340BeMyValentine: Putting Patients Back at the Heart of the 340B Drug Pricing Program

A Valentine’s Day Message to Congress

Valentine’s Day is about caring and connection—the same values that should drive our healthcare system. The 340B program was created with a clear, heartfelt mission: to provide discounted medications to safety-net providers, ensuring that low-income, uninsured, and underserved patients maintain access to affordable, life-saving medicines.

However, without strong transparency and accountability, the program’s “heart” is being lost. Today, we are calling on Congress to restore the original intent of 340B, ensuring that the program remains focused on the people it was created to serve rather than being diverted into hospital revenue.

Right now, a major disconnect exists. The program has evolved into a “buy low and sell high” mechanism where hospitals and intermediaries can purchase drugs at a steep discount and then bill insurers at full price, while the patients themselves see little to no benefit at the pharmacy counter. This turns a program meant to heal into a financial windfall—a shift that undermines the program’s integrity and fails the people it was intended to serve. As the saying goes, “Roses are red, violets are blue — 340B savings belong with patients, not as hospital revenue.”

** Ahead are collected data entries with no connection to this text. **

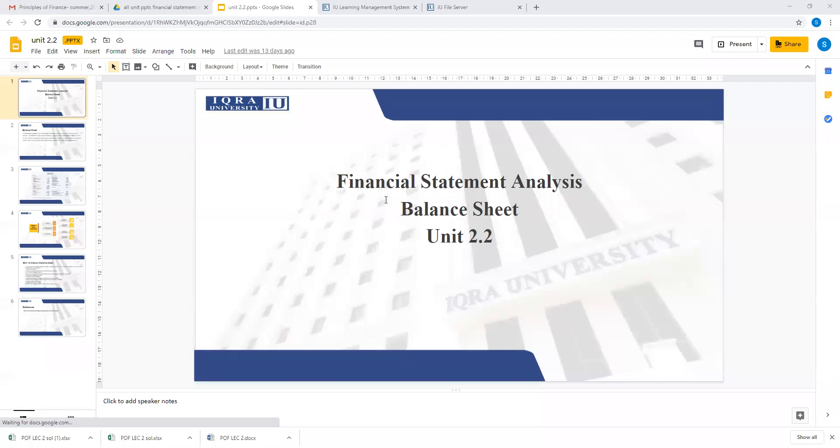Financial statement analysis unit 2.2 balance sheet. In this unit we will discuss the importance of the balance sheet and how to make a balance sheet, and I will also make one balance sheet with you with the help of the trial balance.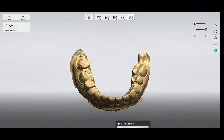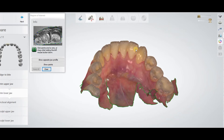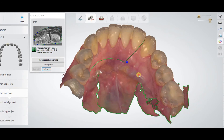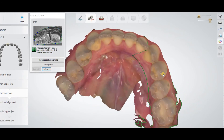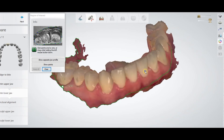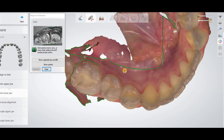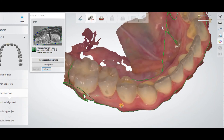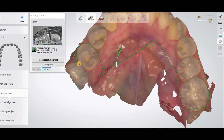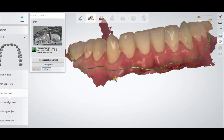Now I will show you how you can trim the scan if you have a choice. The first step is: you just draw which area you want to keep and which area you want to discard. Just draw a line around the area you want to keep. And that's all.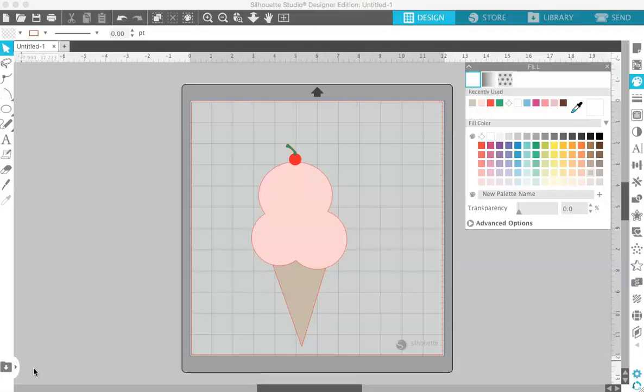Hey guys, it's Kelly from Kelly Lee Creates, and today I've got an easy Silhouette tutorial for you on how to create and save SVG files directly in Silhouette Studio.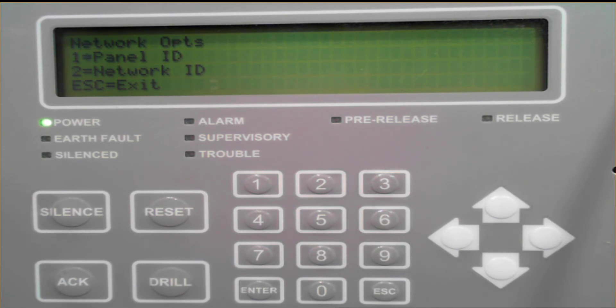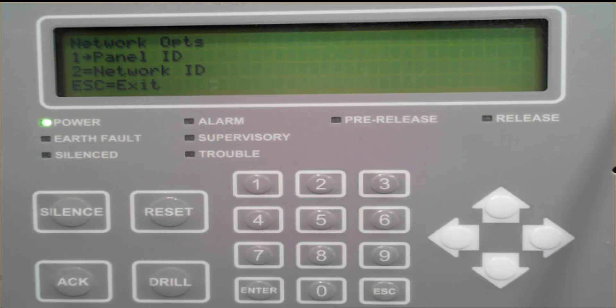In addition to that, when setting up a panel ID, one control panel on the network has to have a panel ID set up as 1. Every other control panel can have a different numerical value.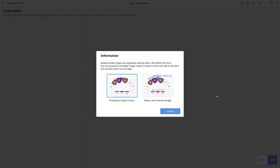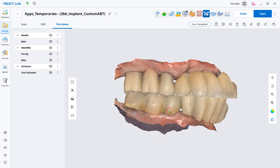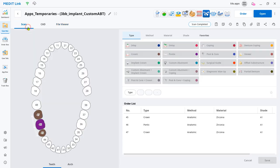If you try to design a temporary bridge and forgot to connect teeth together in the form, you'll get this pop-up that gives you an option to go back and correct your form or proceed as all singles.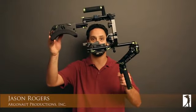Hi, I'm Jason Rogers with Argonaut Productions, and I'm doing a review of the Lamparte DSLR camera rig.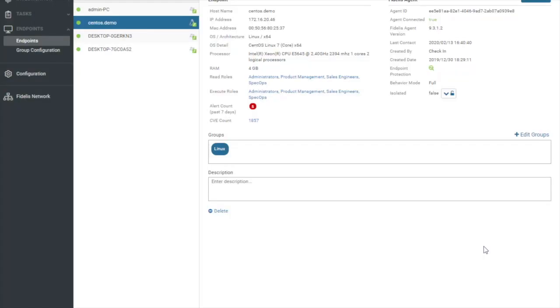Today we're going to talk about live investigations with Fidelis Endpoint. We're going to talk about how you can really speed up an IR response with this new feature and how you can quickly accomplish tasks and goals and gather information at the click of a button, just like you're on the machine yourself in front of the keyboard.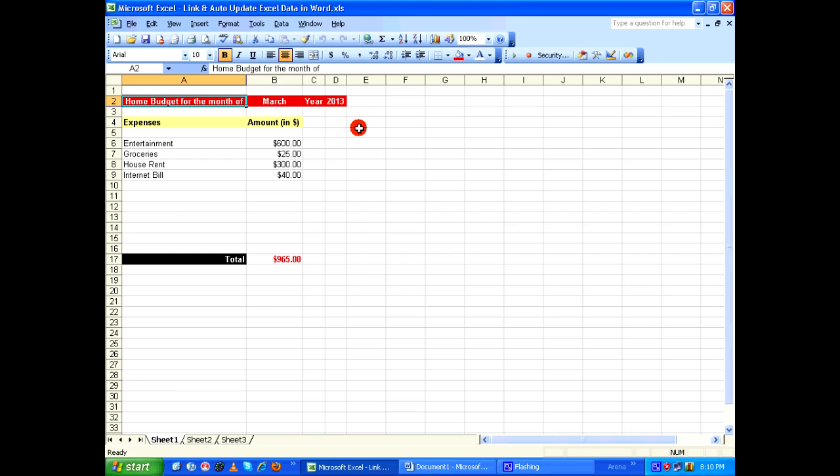Hello everyone. Today we are going to see how to link and auto-update Microsoft Excel data in Microsoft Word. Here in Excel I already have a table on home budget.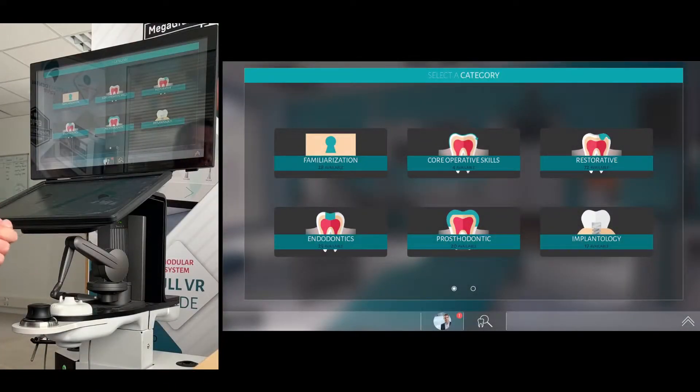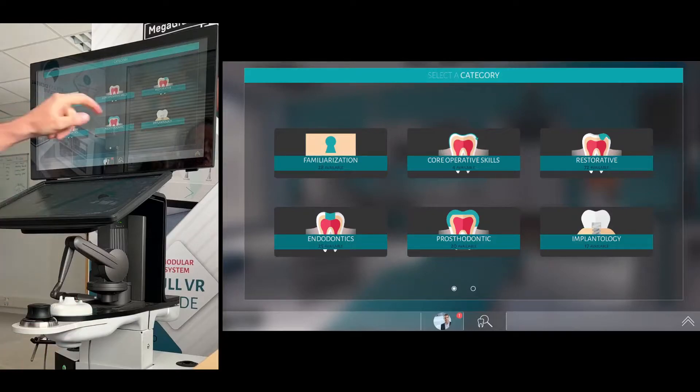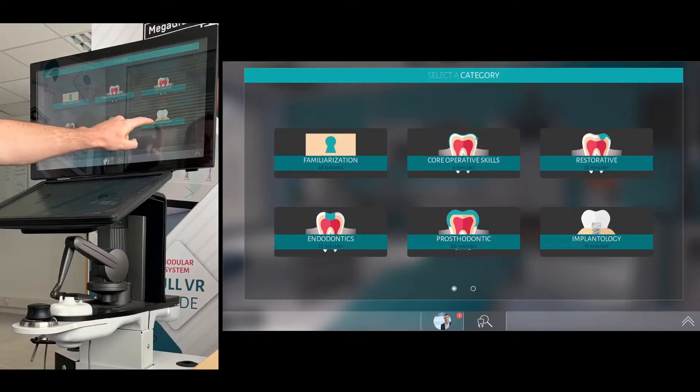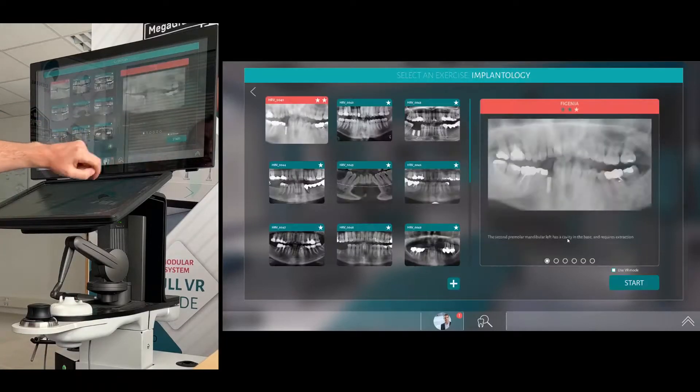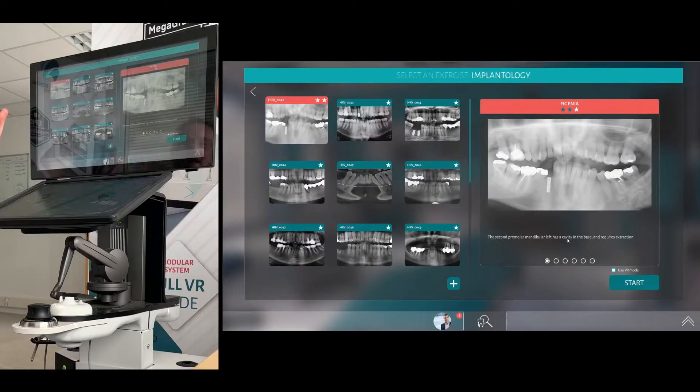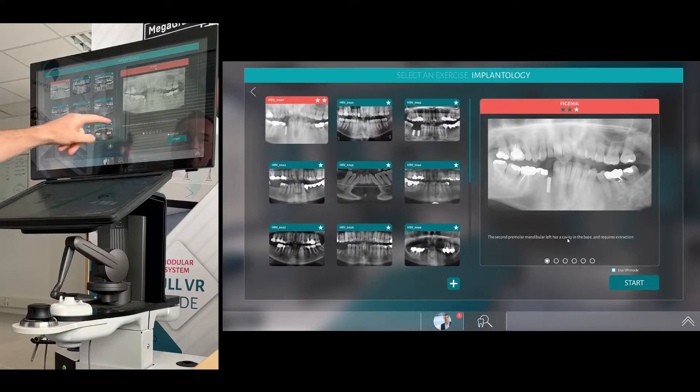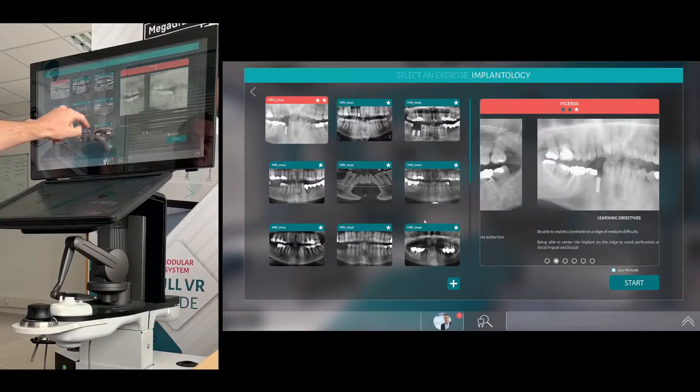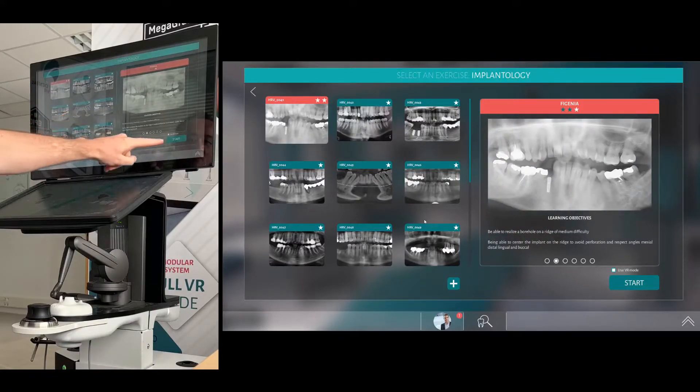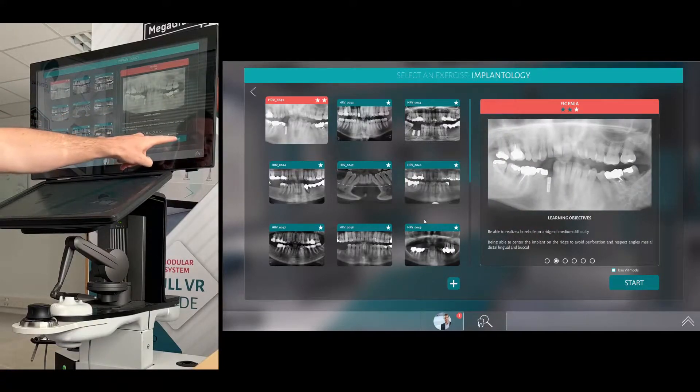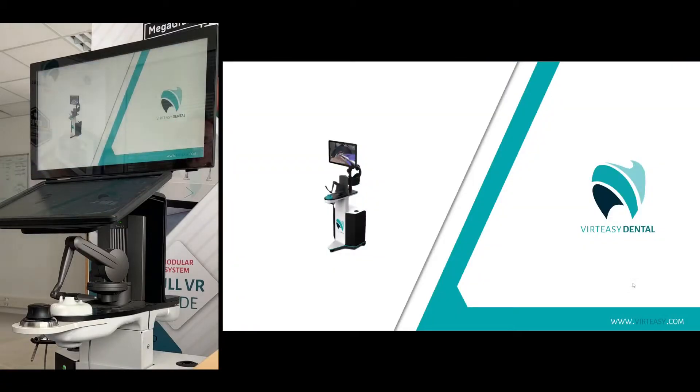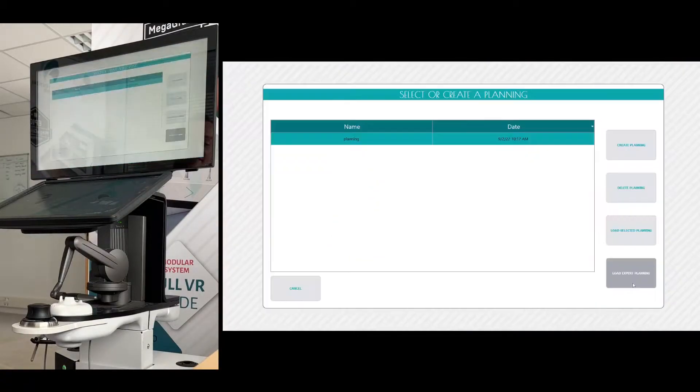Hi, James here and just wanted to show you how to use implantology and do the planning on here as well. So I'm going to use the first exercise 0041 with the Virginia patient. Click start in the bottom right.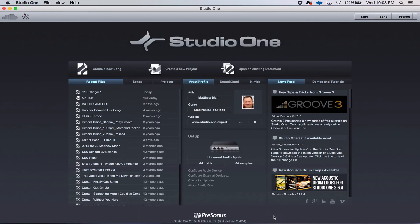So stick around for the next tutorial, where we're actually going to create a new song and show you how to get everything set up to start writing tracks. Thanks for joining me. This has been Matt with Studio One Expert. See you soon.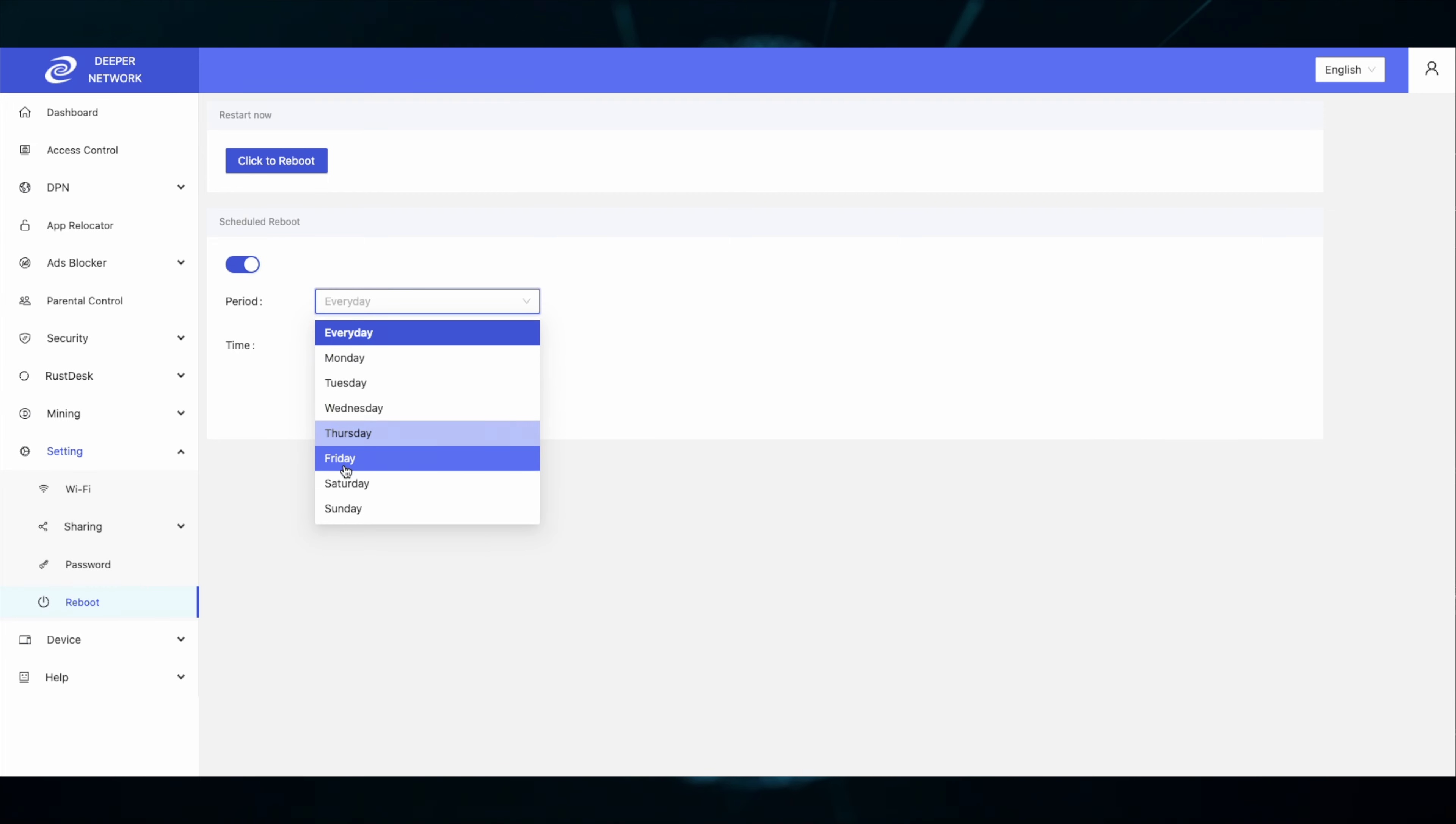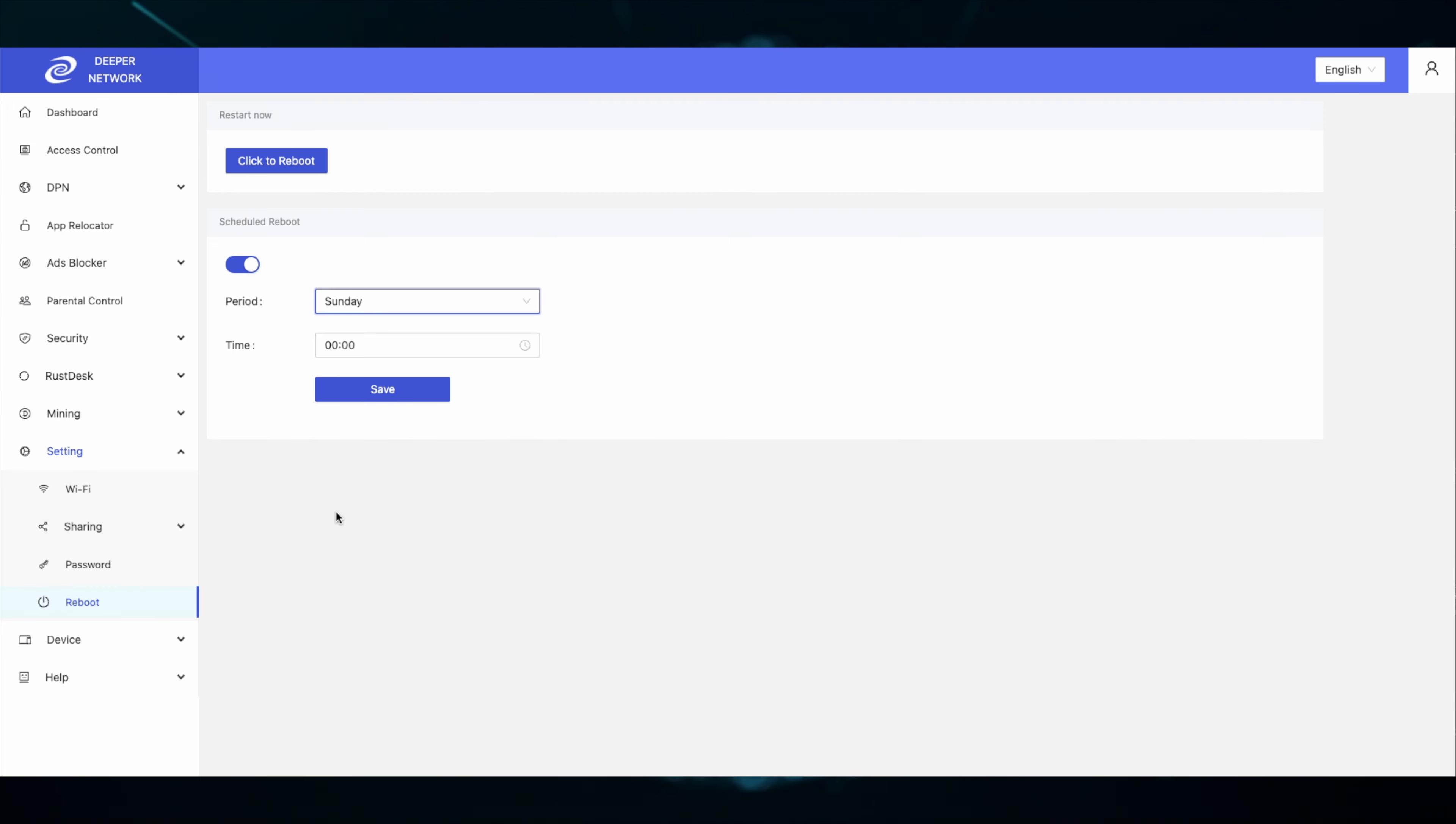You can select from every day to a single day of the week, and then you can select a time based on a 24-hour clock.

Congress has the opportunity to be our Valentine by supporting meaningful 340B reform. Lawmakers can be a partner in restoring this patient-centered purpose by demanding transparency through clear reporting on exactly how 340B savings are used. One path toward greater accountability is exploring models like the 340B Rebate Model. Recent analysis suggests this approach could improve transparency without straining hospital resources. This model is already used by AIDS Drug Assistance Programs (ADAPs), helping to track savings and prevent the estimated $4 billion in duplicate discounts projected for 2026.

Real care is love in action. So, let’s put the focus of the 340B program back where it belongs: on the health and well-being of the patient. It is time to ensure that when it comes to healthcare, it is love at first sight—not a look at the bottom line.